Looking pretty neat already! I really love what you've done with the lighting so far.


----------



## Mel_Robertson

thanks x
I don't like her hair color though it matches her skin tone too much


----------



## leighann

Give that girl some highlights @meli !! :biggrin:


----------



## leighann

You need to have your pieces printed, then sell them. 

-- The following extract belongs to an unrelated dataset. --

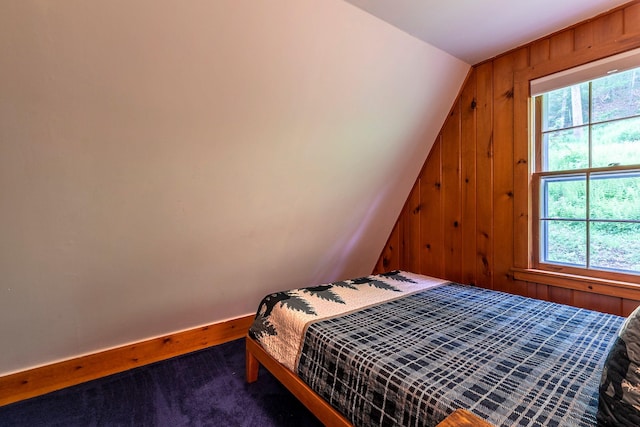7271 Windham Hill Rd, Windham, VT 05359 - carpeted bedroom featuring wooden walls and vaulted ceiling
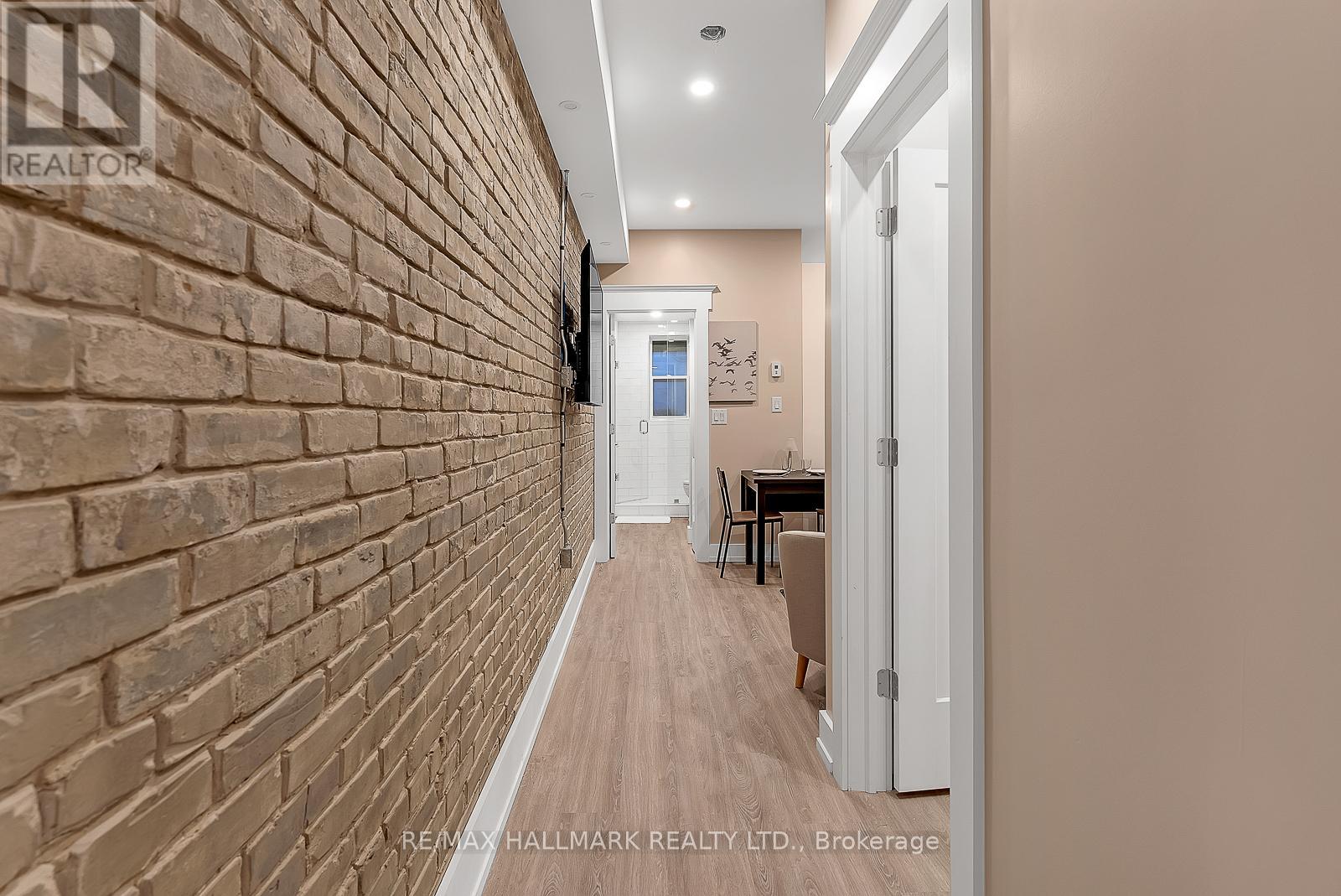 A hallway with a brick wall on the left and a white door on the right.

Of course, people are constantly telling me to sell my stuff, and I haven't sold one piece. I have given a lot of mine away, but that doesn't bother me, I don't really consider myself a professional, but your pieces...they are primo!! :vs_rocking_banana:


----------



## Mel_Robertson

Okay based on your input I'll try to sell something on canvas, I've spend a few hours hunting down all the diff kinds and I've found a great company that does an A1 (20 X 30 inch) canvas for only £30 and it comes with an amazing lifetime guarantee!
now I've just got to make the hardest decision of which one to sell lol


----------



## Mel_Robertson




----------



## kpnuts

Whichever one you decide on will go quickly, your work is just so great it's out of this world.


----------



## Mel_Robertson

That means a lot to me I've never been really confident enough to sell my art doing album art is easy because it's smallish in size... these are huge 50MB files I might try ebay I don't know anywhere else apart from facebook, I was thinking of including a dvd speedart video with the painting


----------



## Mel_Robertson




----------



## Mel_Robertson

I love this painting so much is that vain? lol
can't wait to render the speed video


----------



## dickhutchings

More great work from meli. Whodathunkit:biggrin:

I love most of my paintings. I hope that doesn't make me vain, if it does, oh well.


----------



## leighann

The elf on the left...something about her eyes...they just draw you in. I like her better than elf girl on right. So, what is her neme @meli? 

Phenomenal!! :vs_cool:


----------



## Mel_Robertson

her names Alva which means female elf in Norse lol x


----------



## Mel_Robertson

finished.
I just learned if you right click it and open in new tab you can view full size


----------



## Susan Mulno

It really is amazing Meli! Bravo!


----------



## Mel_Robertson

1080 HD


----------



## kpnuts

Great work, just superb.


----------



## leighann

Very cool :thumbsup:


----------